Frequently in a machine learning workflow, from raw data to the deployed model, both unsupervised and supervised learning models are utilised together.
Supervised Learning: Learning from labeled data
So supervised learning is about learning from labeled data. We have inputs and associated outputs or target variables and we want to build an algorithm that mimics this process, for which it performs well on training data, but most importantly on unseen data. This idea of building a machine that can predict outcomes in new unseen situations or configurations is central to the concept of generalisation.
There are two principal supervised machine learning techniques: regression and classification algorithms. It's not that one is better than the other; rather, they are different types of supervised learning algorithms for different types of data. It all comes down to what the output data or variable looks like.
If the data is a class or a label, then the supervised learning algorithm is called a classification algorithm. Whilst if the output of the prediction is a number - aka a real or continuous value (e.g. temperature, stock price) then the supervised learning task is called regression.
Figure 1. Examples of supervised learning task (LEFT) a machine learns how to identify a cat from labeled data of pictures of cats and dogs. supervised classification task. on the right is a response surface or curve fitting, an example of supervised regression.
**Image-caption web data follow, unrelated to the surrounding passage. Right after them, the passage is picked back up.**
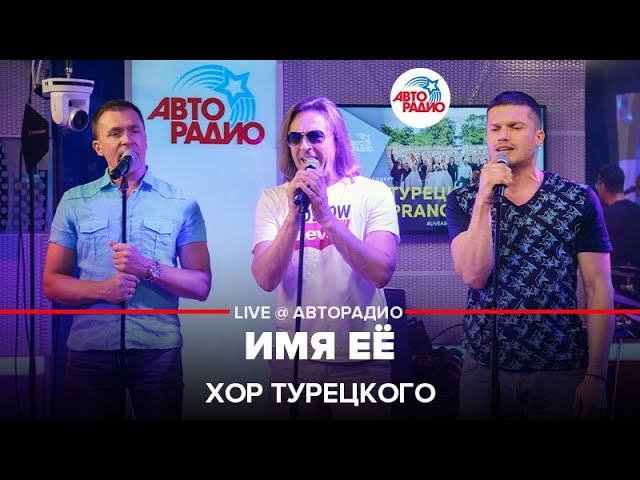 Хор Турецкого - Имя Её (LIVE @ Авторадио) смотреть онлайн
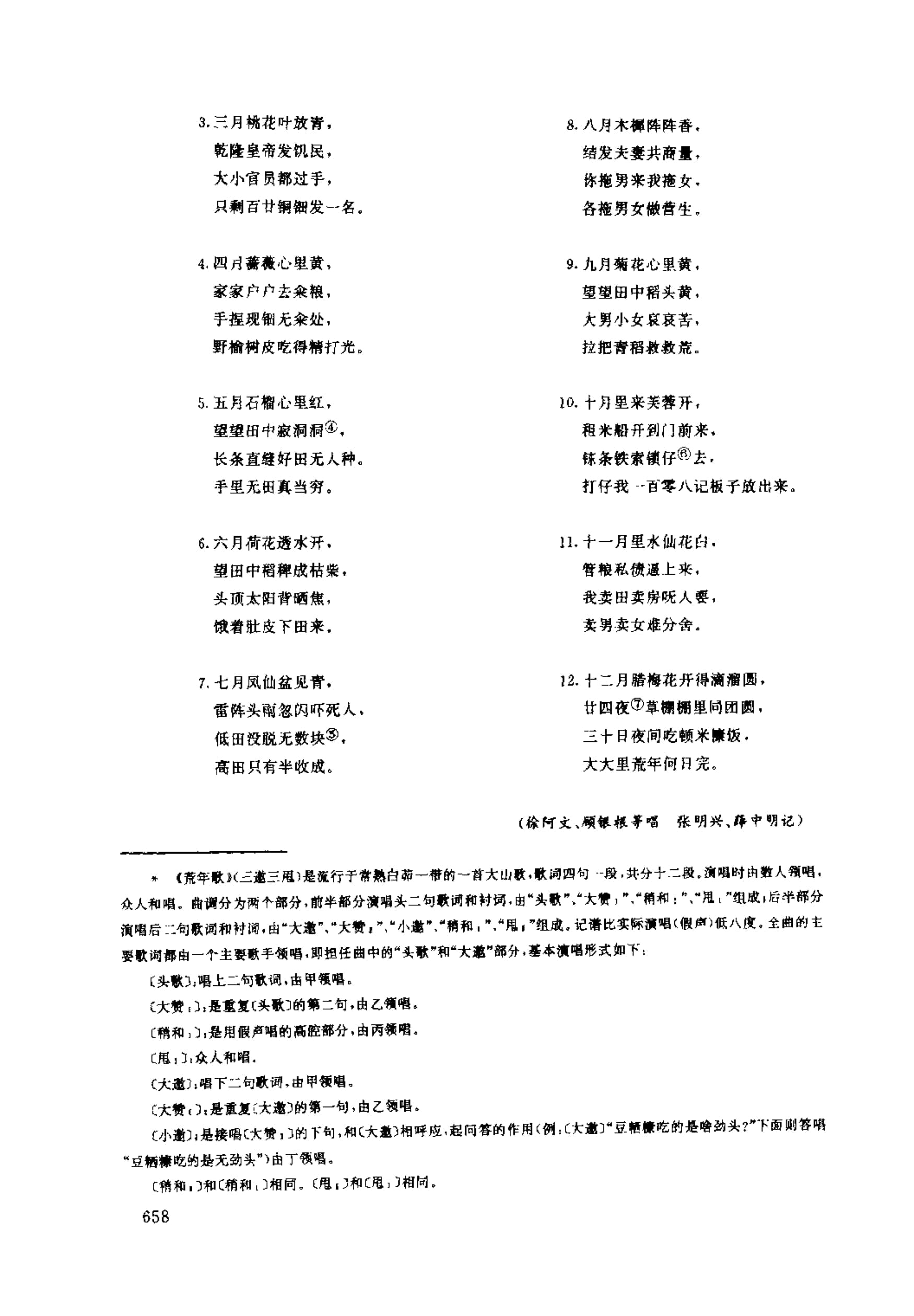 1734941302506619.jpg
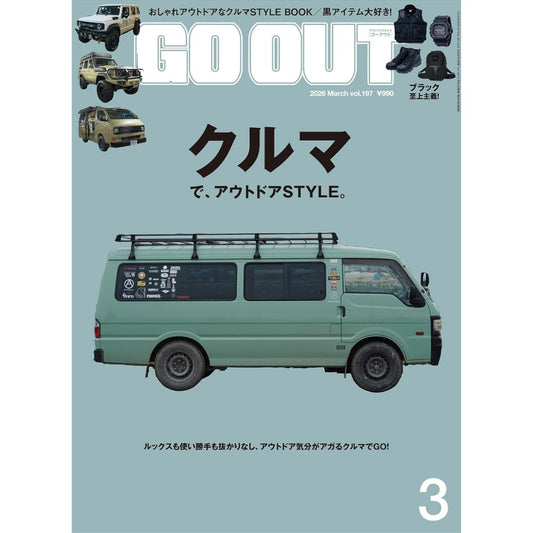 GO OUT March 2026｜Outdoor Car Style Special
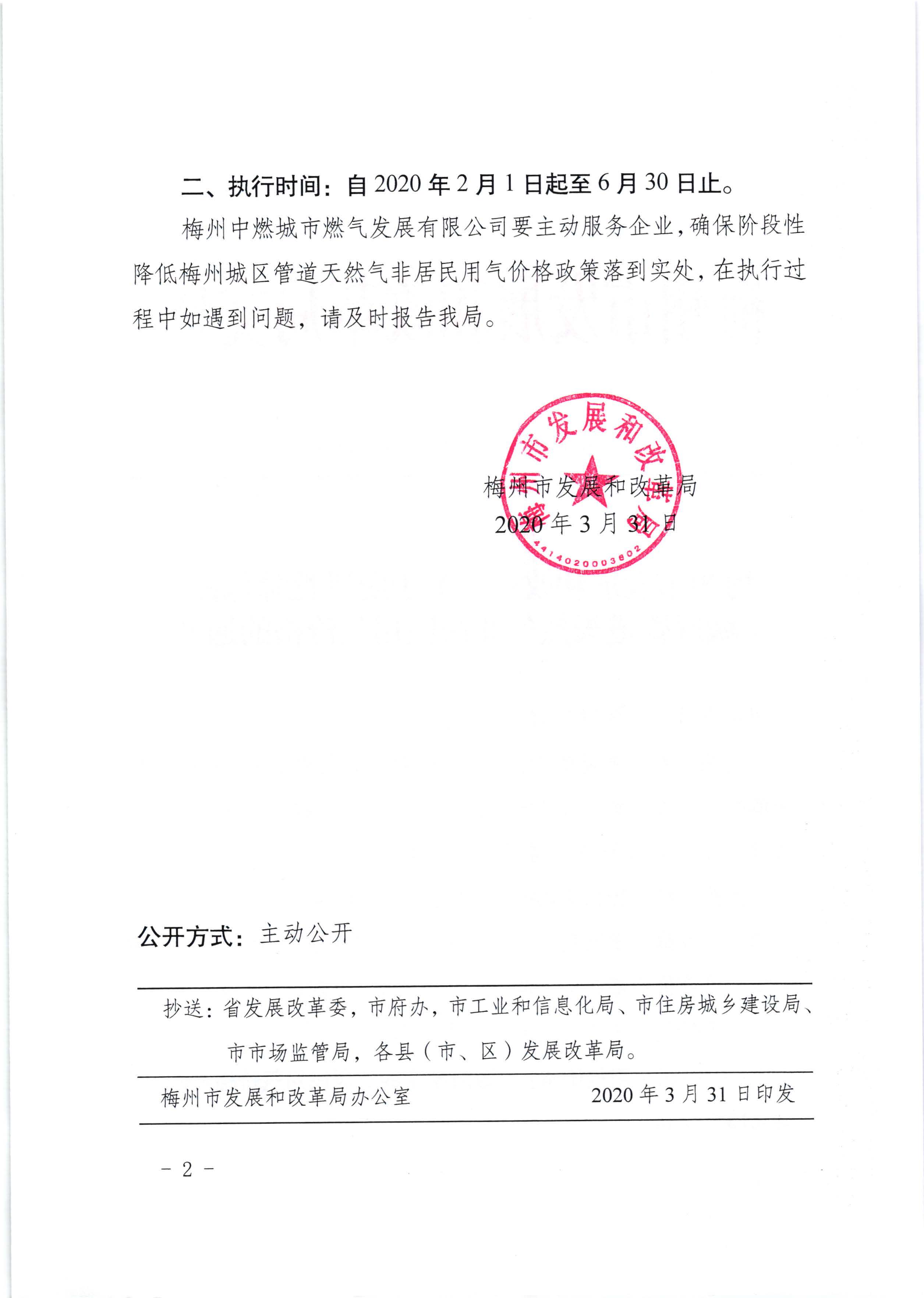 梅州市发展和改革局关于阶段性降低梅州城区管道天然气非居民用气价格的通知（梅市发改价格【2020】63号）_页面_2.jpg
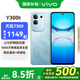 vivo Y300t 新品5G手機(jī) 國補(bǔ)專享 海藍(lán) 8G+256G 官方標(biāo)配 全網(wǎng)通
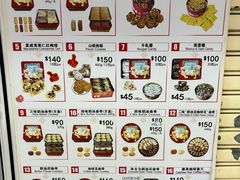 -珍妮曲奇聪明小熊(上环店)
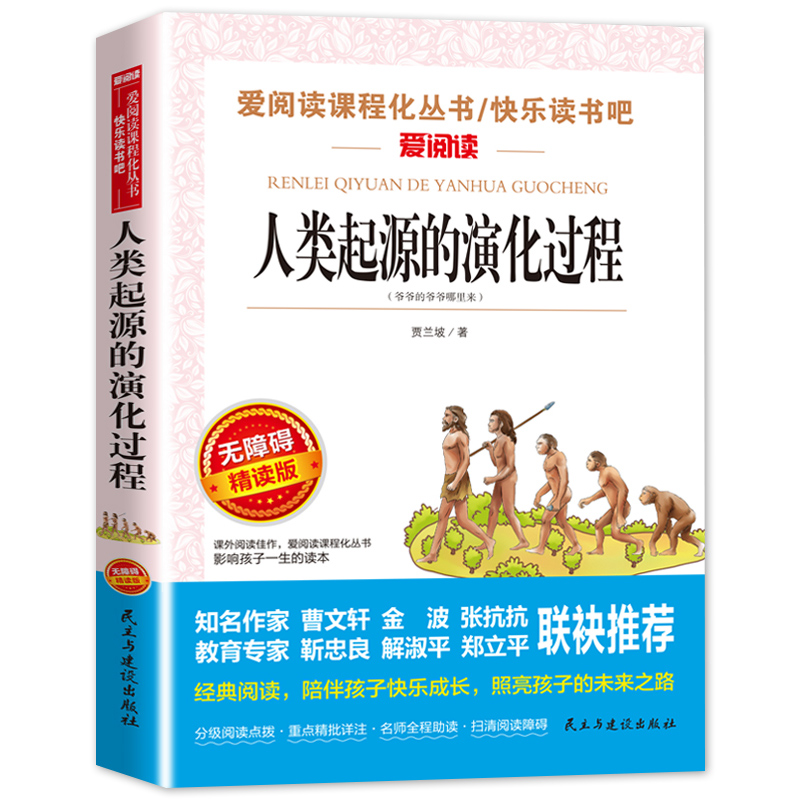 人类起源的演化过程四年级下册经典儿童文学课外书阅读的书籍正版小学生语文4下学期人教部编版故事书快乐读书吧书目少儿睡前读物 - 图3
A random forest, k nearest neighbour, deep neural network, support vector machine, linear regression, or logistic regression are all good examples of supervised learning algorithms.
The performance of supervised learning algorithms is typically easy to access, an algorithm that accurately predicts the output variables for unseen inputs can be computed and benchmarked against other approaches.
Let's take a bit of a deep dive and look at three supervised learning algorithms
k Nearest Neighbour (aka kNN)
kNN is a really nice and conceptually simple supervised learning algorithm. Which can be used for both regression and classification tasks. In this little toy example, we are going to look at a classification problem.
Figure 2. Simple toy representation of KNN
In this picture what we have is a 2D space which represents the space of possible. data. For different inputs (locations in this space) each sample has been assigned a label. For some green triangles, for others yellow squares.
The method proceeds in a really simple way. First for a new location (not seen by the data before) - here marked X "New Instance", we look for the k (here k = 3) nearest neighbours to this point. We then make a prediction on the class label, by taking a majority vote, dependent on the class labels of the neighbours. Here in this pictured toy example, we see that 2 of the 3 neighbours are green, and with that, the supervised machine learning algorithm predicts a "green triangle" label for the previously unseen data.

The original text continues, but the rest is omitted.